[Task inputs — start]

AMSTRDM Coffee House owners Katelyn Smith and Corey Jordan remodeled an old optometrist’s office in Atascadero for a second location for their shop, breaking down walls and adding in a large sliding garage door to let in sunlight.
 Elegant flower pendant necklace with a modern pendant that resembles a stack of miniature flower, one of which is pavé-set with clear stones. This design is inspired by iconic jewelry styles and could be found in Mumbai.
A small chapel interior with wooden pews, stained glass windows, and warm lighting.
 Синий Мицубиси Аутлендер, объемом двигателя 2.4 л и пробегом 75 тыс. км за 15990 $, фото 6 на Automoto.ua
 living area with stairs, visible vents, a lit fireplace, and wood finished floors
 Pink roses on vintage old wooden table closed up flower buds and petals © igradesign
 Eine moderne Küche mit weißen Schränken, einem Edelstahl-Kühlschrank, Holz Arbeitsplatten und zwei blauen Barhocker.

[Task inputs — finish]

In full and without changes, repeat the listing.

Response below:
AMSTRDM Coffee House owners Katelyn Smith and Corey Jordan remodeled an old optometrist’s office in Atascadero for a second location for their shop, breaking down walls and adding in a large sliding garage door to let in sunlight.
 Elegant flower pendant necklace with a modern pendant that resembles a stack of miniature flower, one of which is pavé-set with clear stones. This design is inspired by iconic jewelry styles and could be found in Mumbai.
A small chapel interior with wooden pews, stained glass windows, and warm lighting.
 Синий Мицубиси Аутлендер, объемом двигателя 2.4 л и пробегом 75 тыс. км за 15990 $, фото 6 на Automoto.ua
 living area with stairs, visible vents, a lit fireplace, and wood finished floors
 Pink roses on vintage old wooden table closed up flower buds and petals © igradesign
 Eine moderne Küche mit weißen Schränken, einem Edelstahl-Kühlschrank, Holz Arbeitsplatten und zwei blauen Barhocker.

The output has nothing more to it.